Provided data ▸
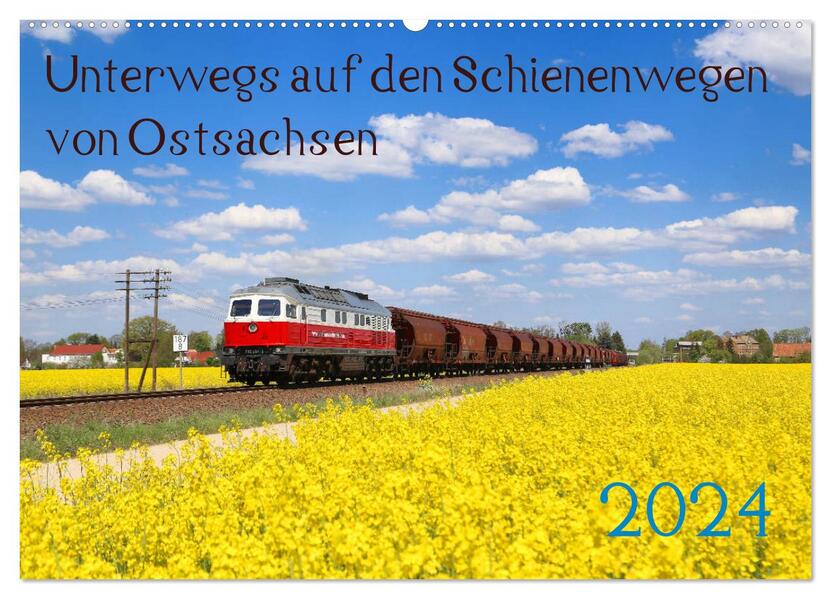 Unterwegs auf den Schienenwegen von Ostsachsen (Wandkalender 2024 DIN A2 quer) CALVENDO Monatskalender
---
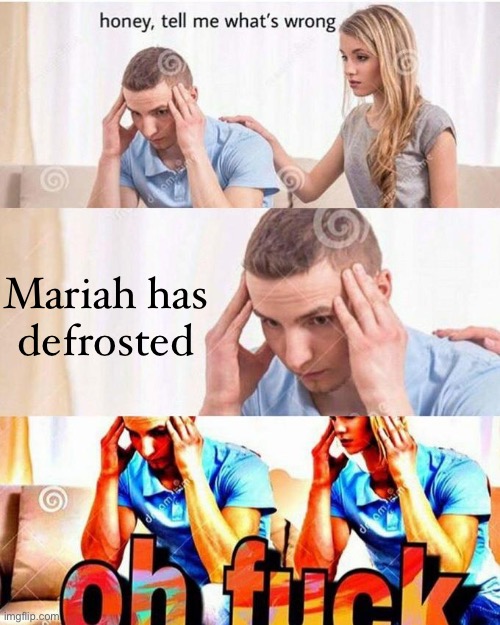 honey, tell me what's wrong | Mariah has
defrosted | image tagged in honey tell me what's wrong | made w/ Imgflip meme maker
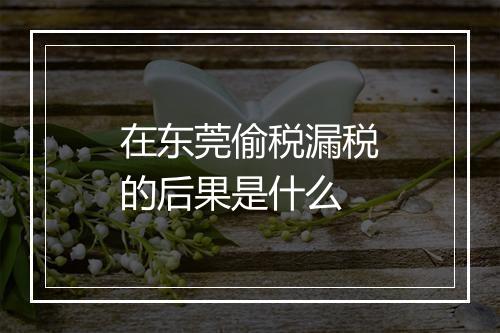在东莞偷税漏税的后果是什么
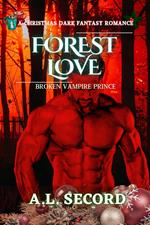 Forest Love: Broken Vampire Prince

What you will do ▸ Copy exactly the material above from the line with "在东莞偷税漏税的后果是什么" to the line with "Forest Love: Broken Vampire Prince", ends included, and nothing else. Leave out any picture.

Exercise solution ▸
在东莞偷税漏税的后果是什么
 Forest Love: Broken Vampire Prince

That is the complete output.